After processing each incoming batch, the stage emits a single snapshot of its updated accumulated sketch downstream.

Options

  • :sketch_module -- required, the sketch module.
  • :sketch_opts -- options forwarded to sketch_module.new/1 (default: []).
  • :key_fn -- function (event -> term()) to extract values from raw events (default: fn event -> event end). Not applied to sketch snapshots.
  • :subscribe_to -- a producer or {producer, opts} tuple to subscribe to.

Examples

{:ok, stage} = SketchStage.start_link(
  sketch_module: ExDataSketch.HLL,
  sketch_opts: [p: 14],
  subscribe_to: [{some_producer, max_demand: 100}]
)

# Downstream consumers will receive the current sketch on demand
SketchStage.estimate(stage)

Summary

Functions

Returns the current estimate from the stage's accumulated sketch.

Returns the current accumulated sketch.

Merges a partial sketch into the stage's accumulated sketch.

Starts a SketchStage process.

Types

state()

@type state() :: %{
  sketch_module: module(),
  sketch_opts: keyword(),
  key_fn: (term() -> term()),
  current: struct()
}

Functions

estimate(server)

@spec estimate(GenServer.server()) :: float()

Returns the current estimate from the stage's accumulated sketch.

Examples

iex> {:ok, stage} = ExDataSketch.GenStage.SketchStage.start_link(
...>   sketch_module: ExDataSketch.HLL, sketch_opts: [p: 10], subscribe_to: []
...> )
iex> ExDataSketch.GenStage.SketchStage.estimate(stage)
0.0

get(server)

@spec get(GenServer.server()) :: struct()
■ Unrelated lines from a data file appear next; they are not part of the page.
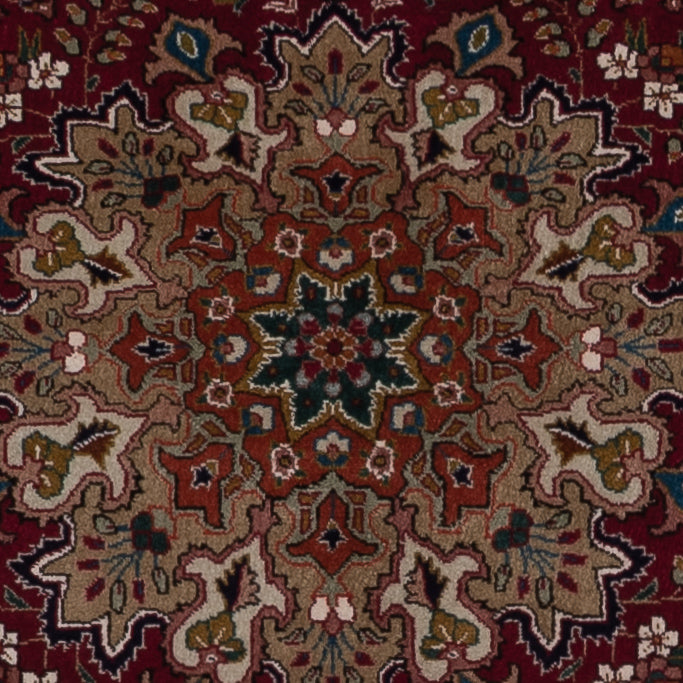 Perser Rug - Tabriz - 195 x 147 cm - wine red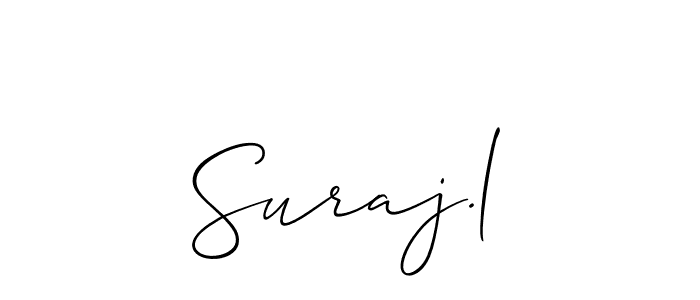 How to Draw Suraj.l signature style? Allison_Script is a latest design signature styles for name Suraj.l. Suraj.l signature style 2 images and pictures png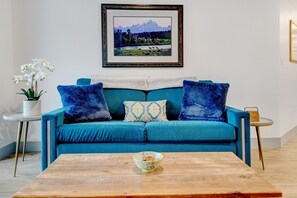 Smart TV, fireplace, video games, books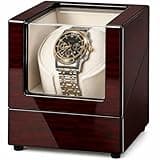 YUNSCEND Watch Winders for Automatic Watches, Single Watch Winder with Ultra-Quiet Japanese Motor, High-Gloss Piano Finish Watch Winder Box, Battery & DC Adapter, Gifts for Men & Collectors, UXSYQ001Y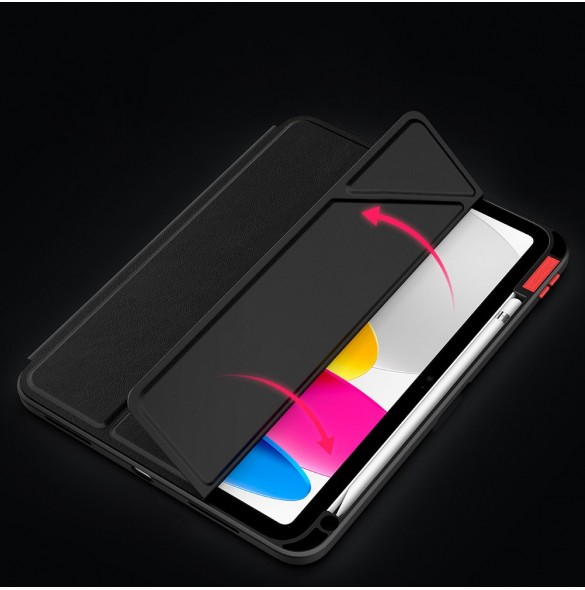 Nillkin Bevel läderfodral för iPad 10,9'' 2022 (10 gen.) smart skalskydd med flipstativ grön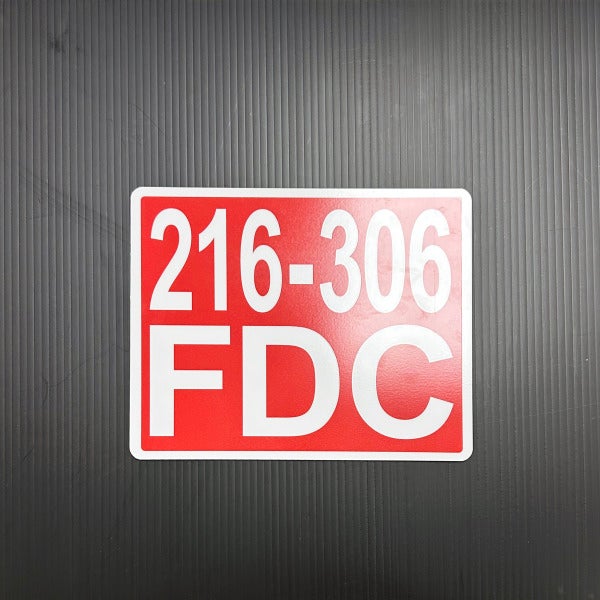 9548 FDC Sign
Returns the current accumulated sketch.

Examples

iex> {:ok, stage} = ExDataSketch.GenStage.SketchStage.start_link(
...>   sketch_module: ExDataSketch.HLL, sketch_opts: [p: 10], subscribe_to: []
...> )
iex> ExDataSketch.GenStage.SketchStage.get(stage) |> ExDataSketch.HLL.estimate()
0.0

merge(server, partial_sketch)

@spec merge(
  GenServer.server(),
  struct()
) :: :ok

Merges a partial sketch into the stage's accumulated sketch.

Examples

iex> {:ok, stage} = ExDataSketch.GenStage.SketchStage.start_link(
...>   sketch_module: ExDataSketch.HLL, sketch_opts: [p: 10], subscribe_to: []
...> )
iex> partial = ExDataSketch.HLL.from_enumerable(["a"], p: 10)
iex> :ok = ExDataSketch.GenStage.SketchStage.merge(stage, partial)
iex> ExDataSketch.GenStage.SketchStage.estimate(stage) > 0.0
true

start_link(opts)

@spec start_link(keyword()) :: GenServer.on_start()

Starts a SketchStage process.

Examples

iex> {:ok, stage} = ExDataSketch.GenStage.SketchStage.start_link(
...>   sketch_module: ExDataSketch.HLL, sketch_opts: [p: 10], subscribe_to: []
...> )
iex> is_pid(stage)
true